Leaders of behavioral health organizations are finding a need for workforce development support as demand rises, and simultaneously, are able to access an unprecedented level of federal funding support — to the tune of more than $600 million for expansion grants earmarked for Certified Community Behavioral Health Clinics (CCBHCs).
CCBHC designation, which improves access to care for a given community, comes with a number of requirements, including the need for a staff Medical Director and the development and implementation of a MAT program to treat patients with substance use disorder.
For many behavioral health organizations, including those seeking to achieve or maintain CCBHC designation, MAT programs are an entirely new and unfamiliar territory.
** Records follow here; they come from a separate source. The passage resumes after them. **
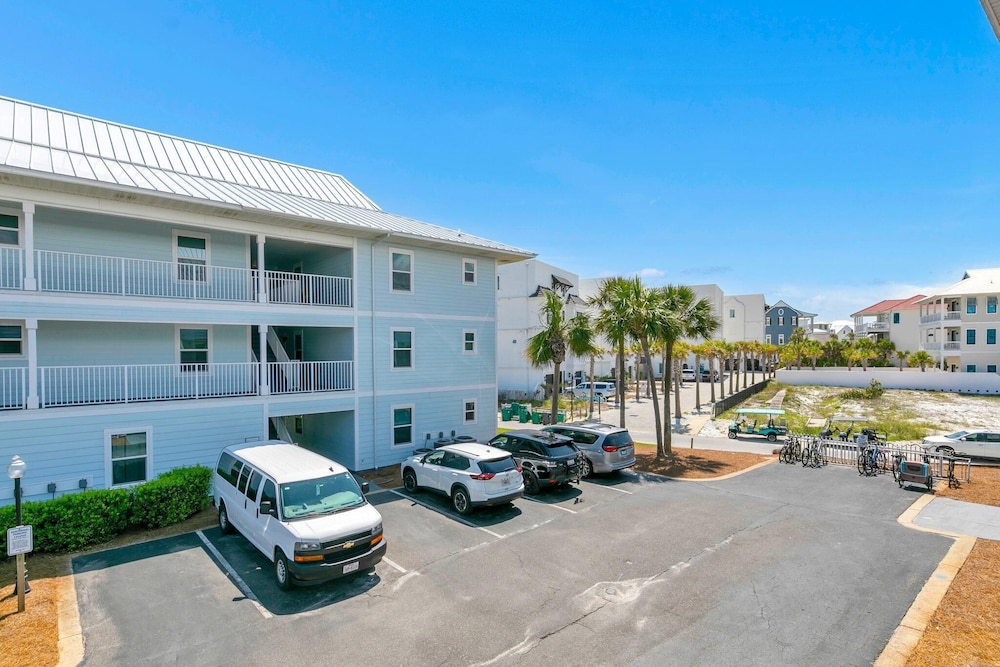 Beachside Villas 523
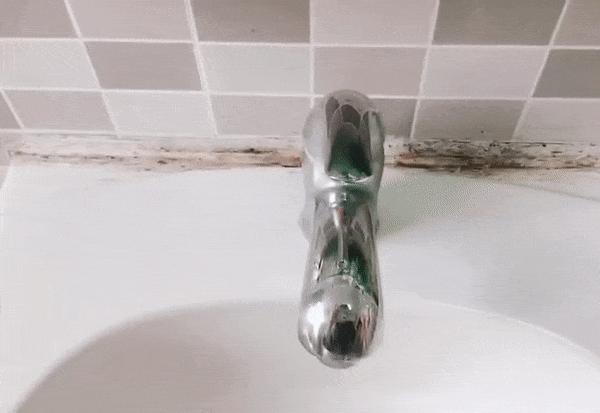 洗手台有缝隙,发黑又发霉?保洁阿姨教你一招,5秒统统划干净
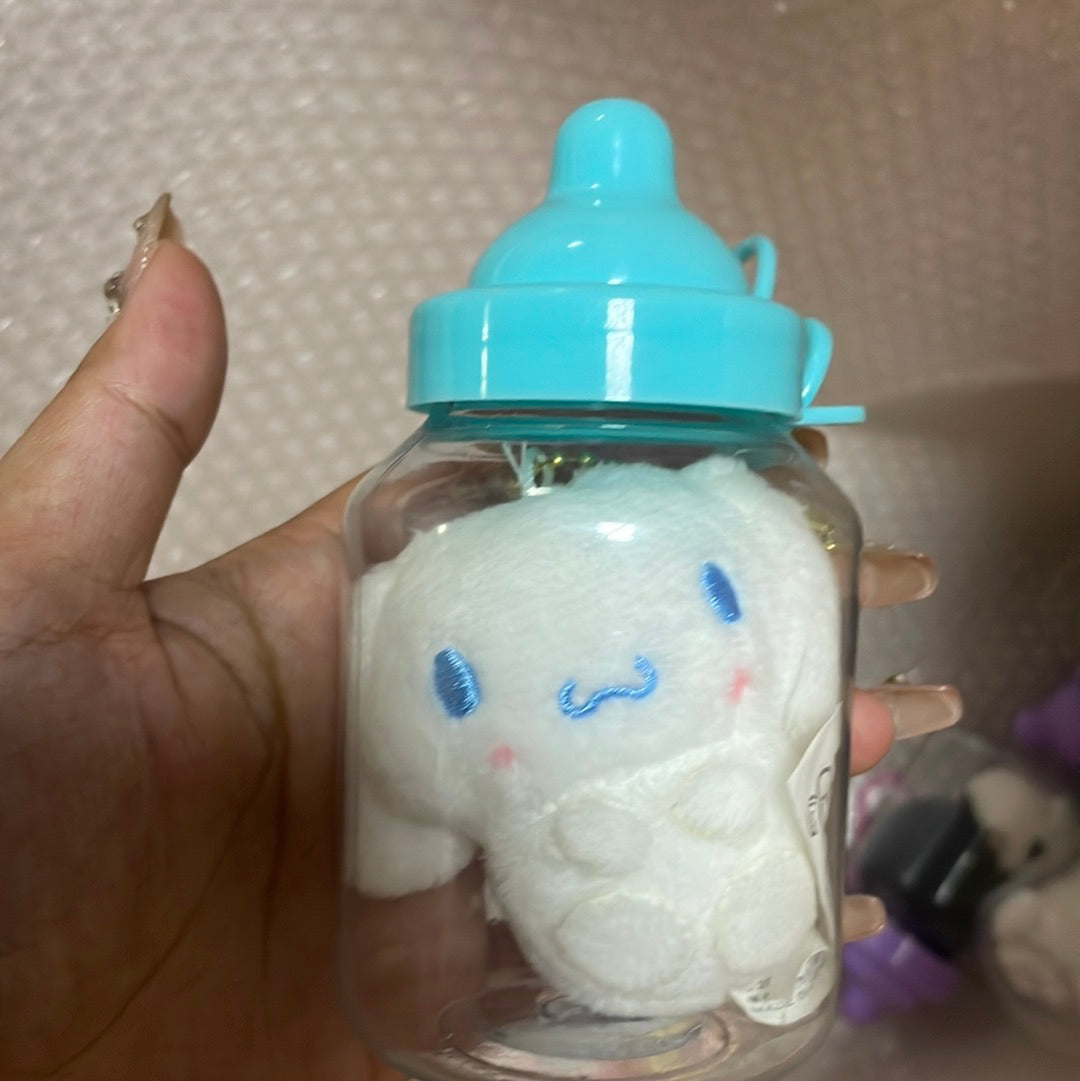 Clerance 50% off baby milk bottles my melody plushies cinnamoroll plushies hello kitty plushies Kuromi plushies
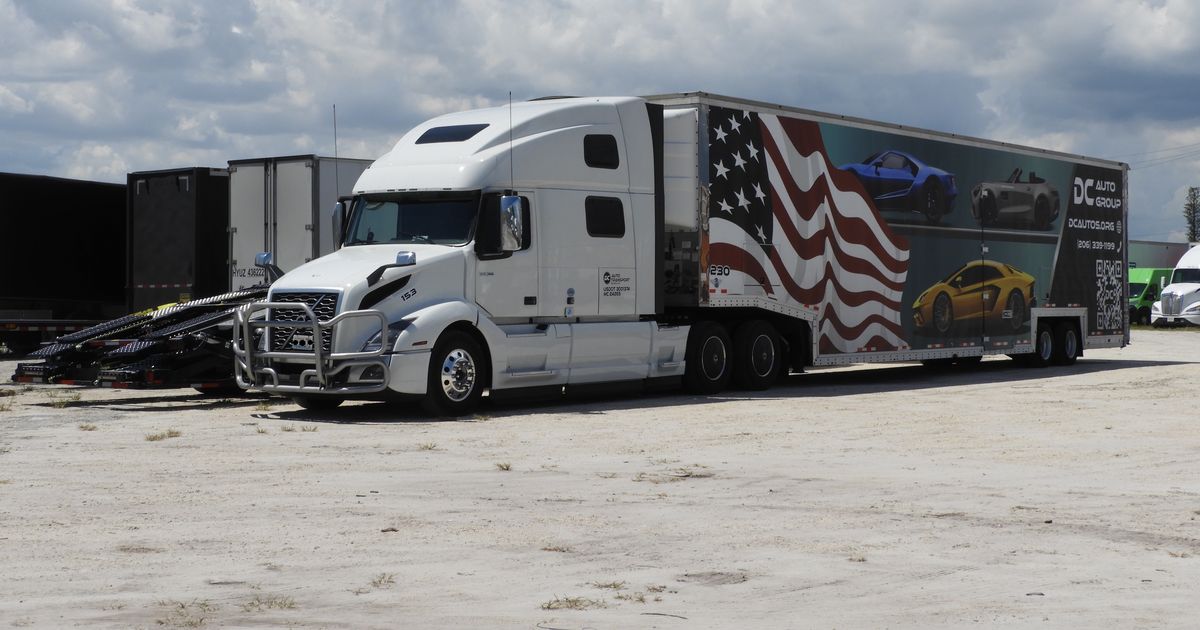 Camioneros de Florida reaccionan a controles en idioma inglés en las carreteras
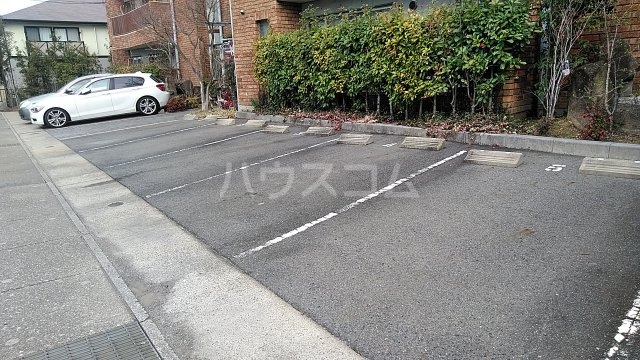 26/30 駐車場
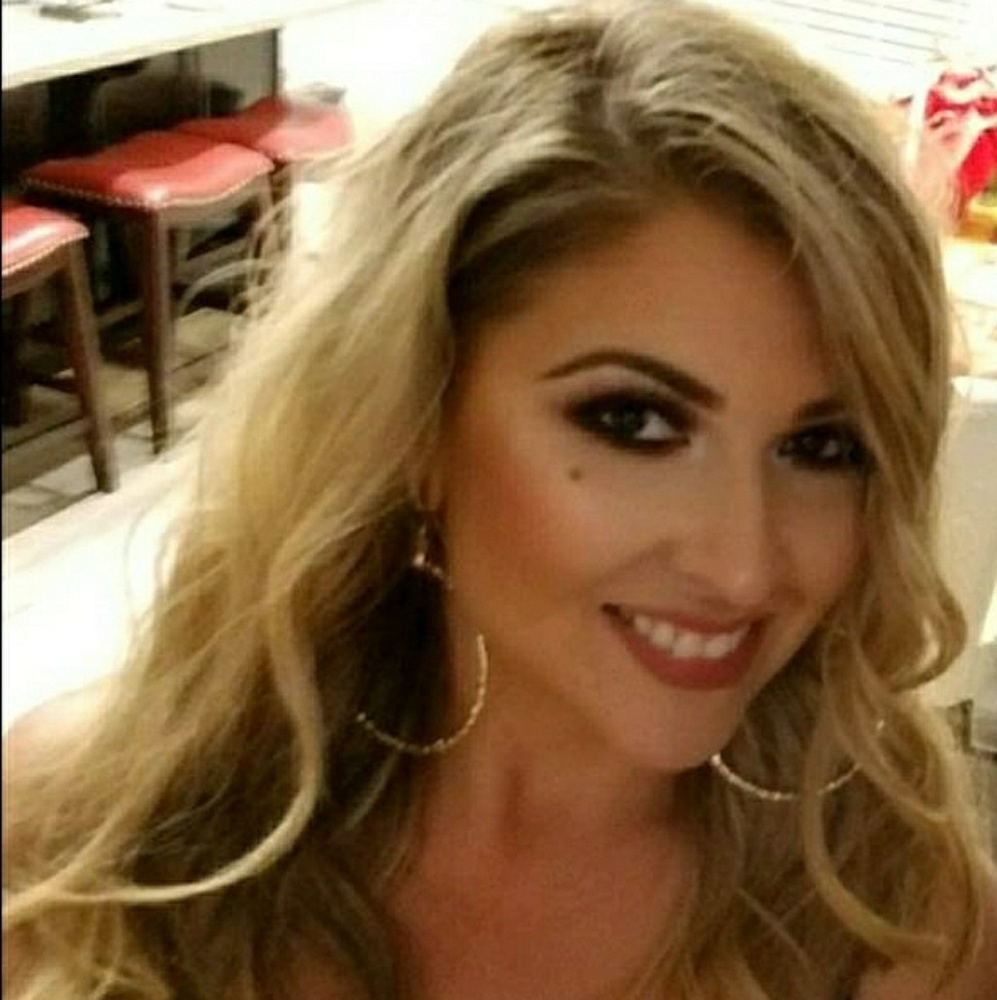 Meet your Posher, Vivian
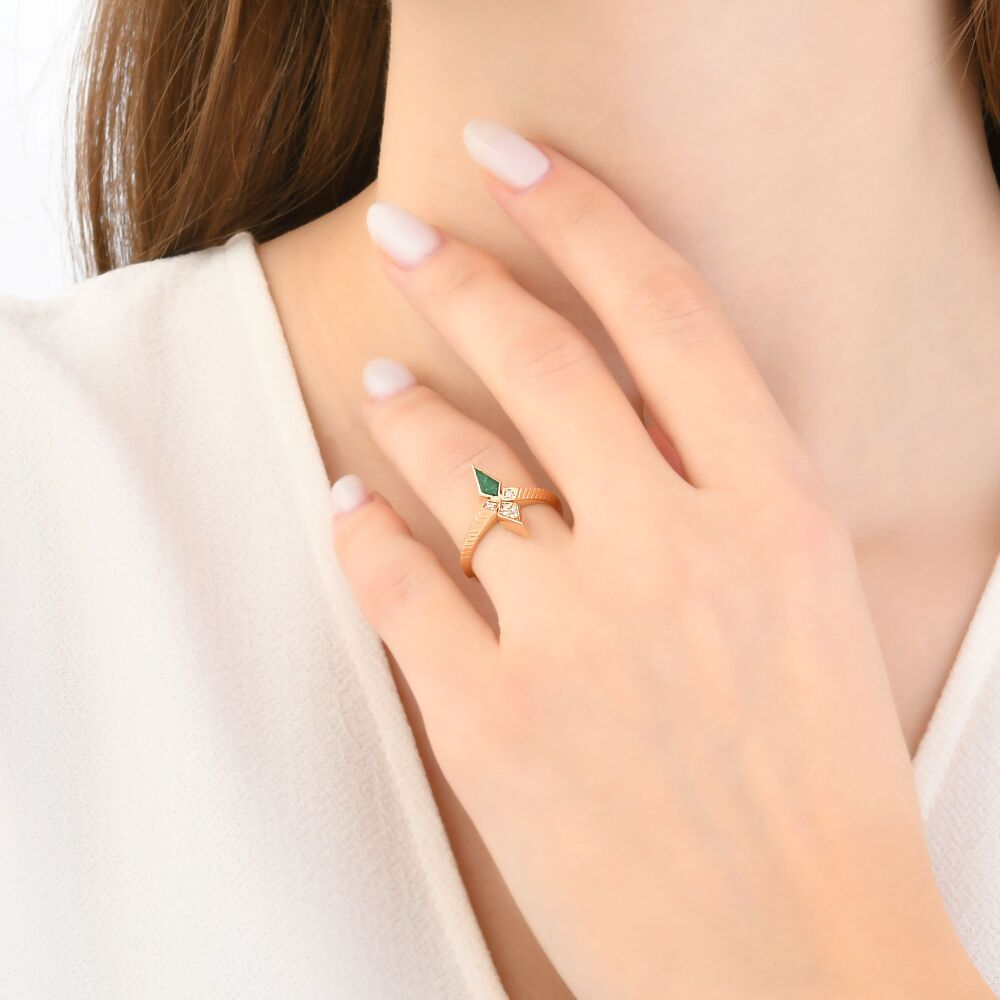 18 AYAR ROSE GOLD 0,26 KARAT ZÜMRÜT PIRLANTA YÜZÜK					 - 3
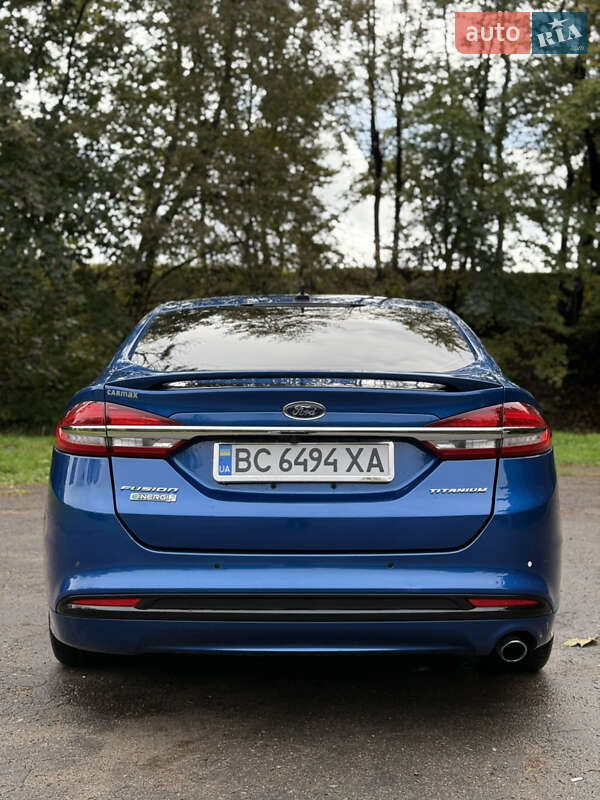 Седан Ford Fusion 2016 в Львові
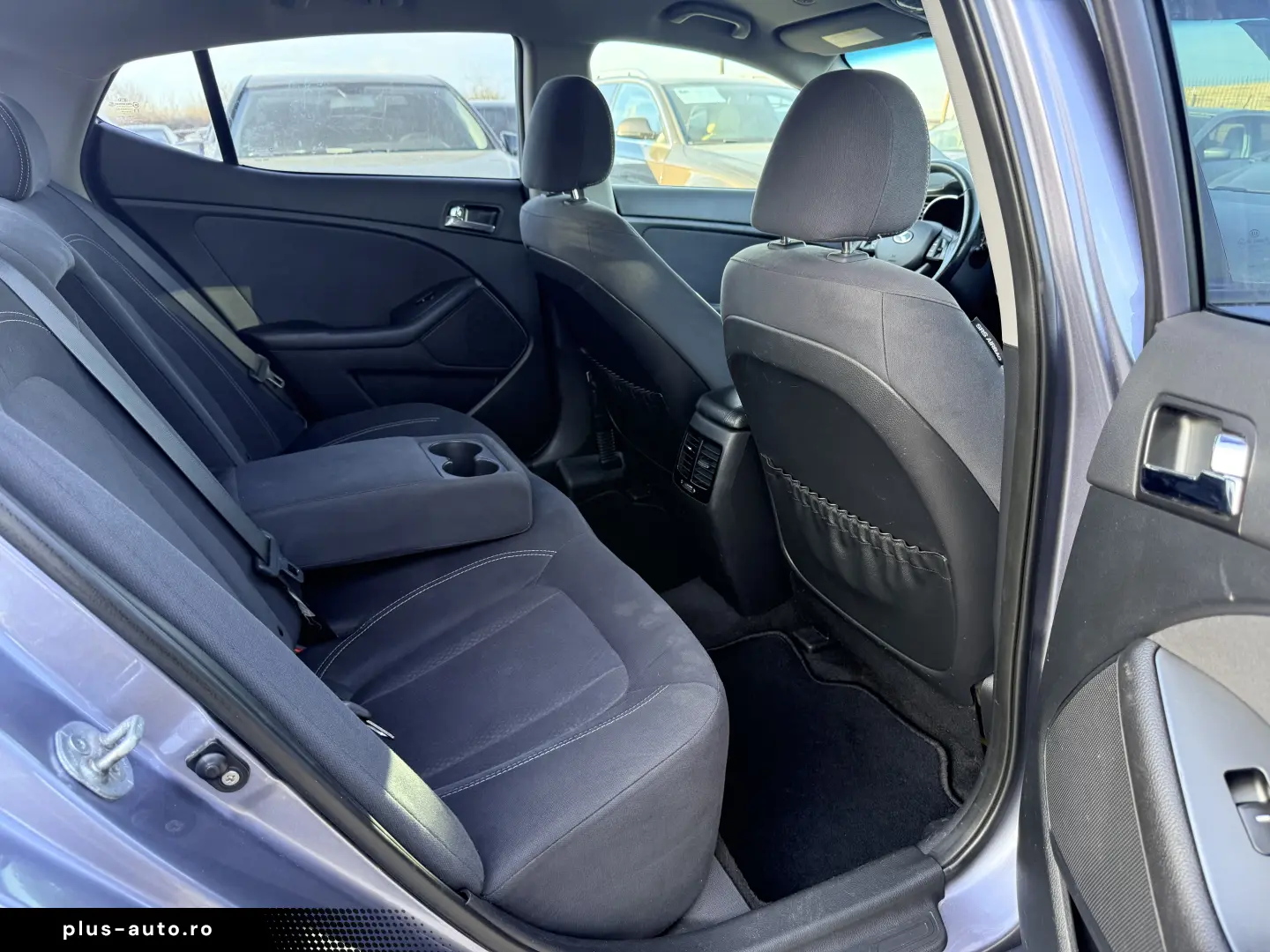 hibrid  5000e avans 5000e în 3 luni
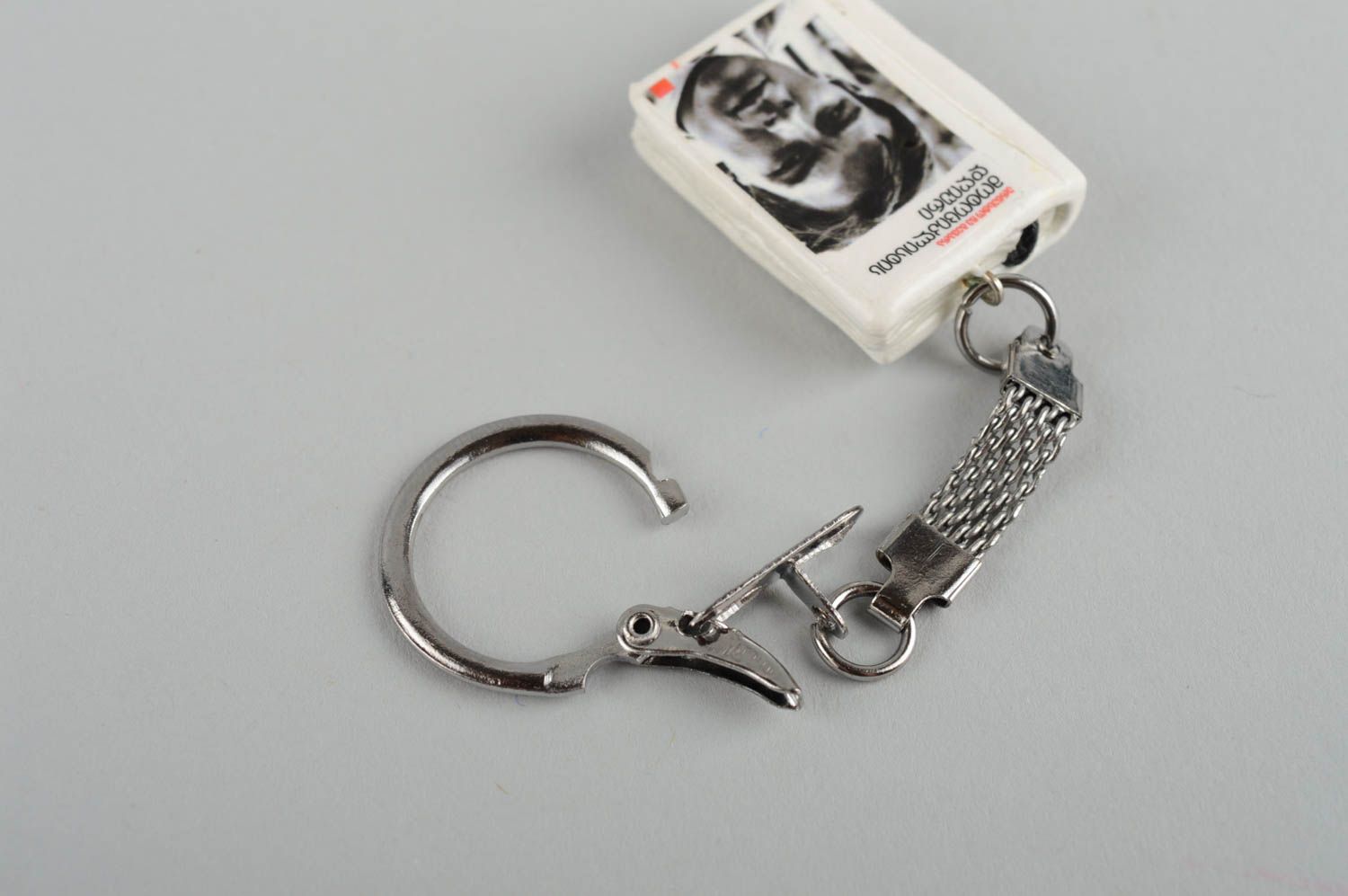 Handmade Anhänger für Schlüssel Designer Accessoire Schlüsselanhänger Buch  foto 5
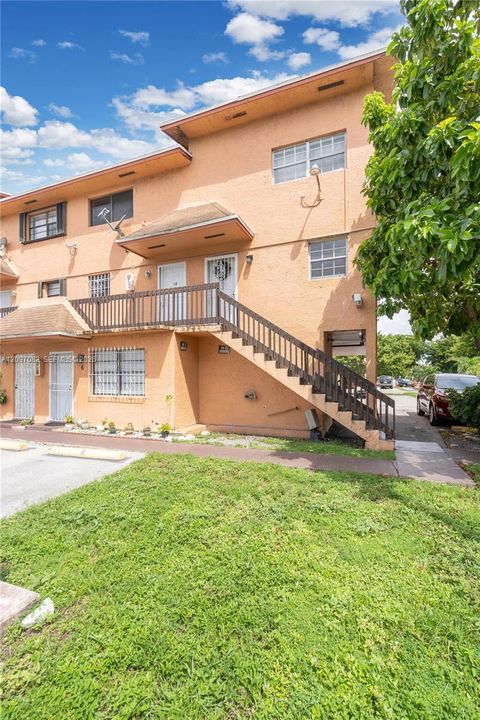 En Venta: $250,000 (2 camas, 1 baños, 856 Pies cuadrados)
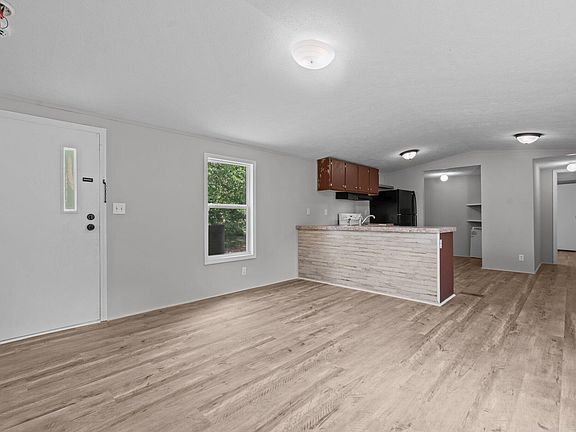 5th image of 596 Lane Rd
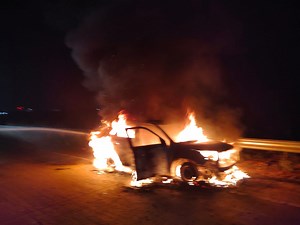 #Watch- Lucky escape from burning car! A Maruti Brezza bearing the license plate number MH 20 CL 3905 engulfed in flames, leaving its four occupants shaken but miraculously unharmed. The vehicle, owned by Mr. Pranav Bhalerao, was en route from Goa to Pune when the terrifying ordeal unfolded. Mapusa Fire Station crew quickly attended the call and doused the flames but the vehicles was totally charred by that time | In Goa 24x7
Due to their nature, MAT programs come with their own set of protocols, policies and state and federal regulations, which can seem daunting and potentially overwhelming. But, in this new era of behavioral healthcare, support is readily available for the implementation of new services, including MAT programs.
Opioid Use Disorder is more difficult to treat than other substance use disorders. Abstinence models do not take into account the higher relapse and overdose rates. Each substance of abuse should utilize evidence-based treatment plans based on the neurocircuitry involved and the patient’s individualized goals and needs.”
— Dr. Ashley Peak, Board-Certified Addiction Psychiatrist, innovaTel Telepsychiatry
Putting Solutions into Practice
The Centers for Disease Control (CDC), recognizing an increase in overdose deaths, has recommended expanded access to and availability of treatment programs for substance use disorders. With regulatory updates that allow for telehealth support and an influx of federal funding, an organization’s ability to expand access to care and introduce new treatment options has never been more — accessible.
Telepsychiatry, like a harm reduction philosophy, meets patients where they are, providing access to valuable and sometimes mandated therapy — creating a beneficial cycle for recovery.
Behavioral health leaders are not alone in their desire to expand and meet the increasingly diverse needs of their communities, offer additional services, discover ways to treat the “whole person” and deliver individualized treatment plans to patients who need both mental health and substance use disorder support
Medication-assisted treatment saves lives while increasing the chances a person will remain in treatment and learn the skills and build the networks necessary for long-term recovery.
Michael Botticelli, Director for National Drug Control Policy, as quoted by the Pew Charitable Trust
Harm Reduction Goals
Treat substance use disorder. Sustain recovery. Prevent overdose.
By engaging in strategic partnerships with industry leaders, behavioral health organizations are able to work cooperatively with MAT program experts to develop and implement budget-conscious plans that meet patient needs, meet organizational needs and meet regulatory requirements — while expanding muchneeded access to care.